The Owners Corporation Amendment (Short-stay Accommodation) Bill 2016 will mean apartment owners can now be liable for any damage, noise or loss of amenity caused by their guests.
VCAT has also been given new powers to award compensation of up to $2,000 to neighbours, and ban short-stay apartments that are repeatedly used for unruly parties.
Guests could face fines of up to $1100 for a range of conduct breaches, including
- creating unreasonable noise or behaving badly
- causing a health, safety or security hazard
- damaging common property
- obstructing a resident from the using their property.
Short-stay apartment owners may be ordered to pay neighbours’ compensation and any damage caused by their guests to common property.
The Labor Government acknowledges that the majority of short stay accommodation is used responsibly in Victoria. These reforms are designed to reduce the number of isolated incidents of bad behaviour.

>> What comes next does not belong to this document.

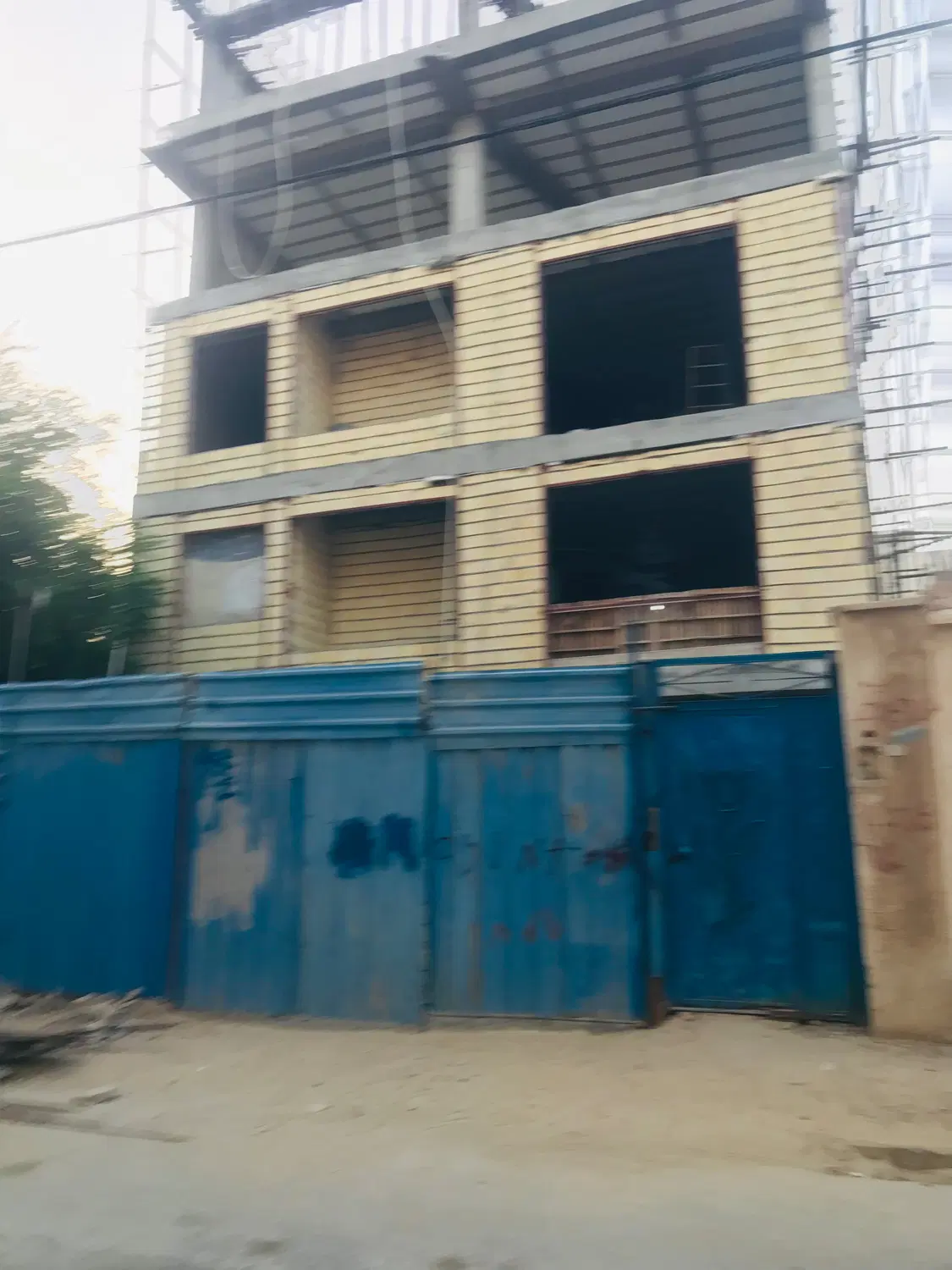 فروش سه خواب 120متری ششصددستگاه میثاق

The new laws will encourage short stay apartment owners to take more steps – such as bonds and screening practices – to ensure their apartments are not used for unruly parties.
In addition, Consumer Affairs Victoria will help conciliate in short-stay disputes that cannot be resolved through the owners corporations dispute resolution processes.
Quotes attributable to Minister for Consumer Affairs, Gaming and Liquor Regulation Marlene Kairouz
“These tough new laws will deliver essential protections that apartment residents deserve.”
“We’re regulating the short-stay sector to better protect Victorians and crack down on unruly behaviour in short-stay accommodation.”